Il sistema degli appalti, disciplinato nel testo unico della sicurezza sul lavoro, seppur a esito dei numerosi interventi di integrazione e modifica, da ultimo operati dal D.Lgs. n. 106/2009, ha mantenuto l’assetto originariamente delineato nell’art. 7 del D.Lgs. n. 626/1994 e nella Direttiva 92/57/Cee.

In verità, l’assetto di base dell’appalto “sicuro” deriva dalla previsione dell'art. 6, paragrafo 4 della direttiva-quadro 89/391/Cee già citata («Fatte salve le altre disposizioni della presente direttiva, quando in uno stesso luogo di lavoro sono presenti i lavoratori di più imprese, i datori di lavoro devono cooperare all’attuazione delle disposizioni relative alla sicurezza, all'igiene ed alla salute, e, tenuto conto della natura delle attività, coordinare i metodi di protezione e di prevenzione dei rischi professionali, informarsi reciprocamente circa questi rischi e informarne i propri lavoratori e/o i loro rappresentanti»), cosicché assumono importanza strategica gli aspetti legati all’organizzazione del lavoro e alla predisposizione di idonei flussi informativi.
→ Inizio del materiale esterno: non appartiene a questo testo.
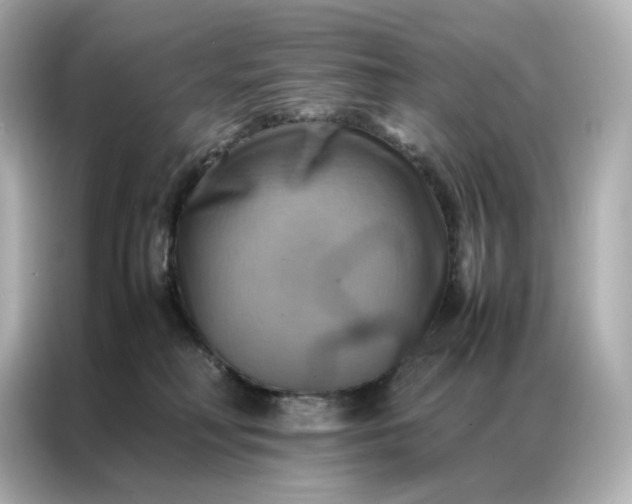 X0000086940230200704301143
Per un’interessante pronuncia che riassume la fisionomia e i contenuti tipici degli obblighi previsti dall’art. 26 del D.L.gs. n. 81/2008, si rimanda alla pronuncia di Cass. pen. sez. IV, 20 settembre 2019, n. 38845.

 

 

 

 

(1) In tal senso, Cass. pen. sez. III, 28 gennaio 2004, n. 2946, imp. Pallotta e altro.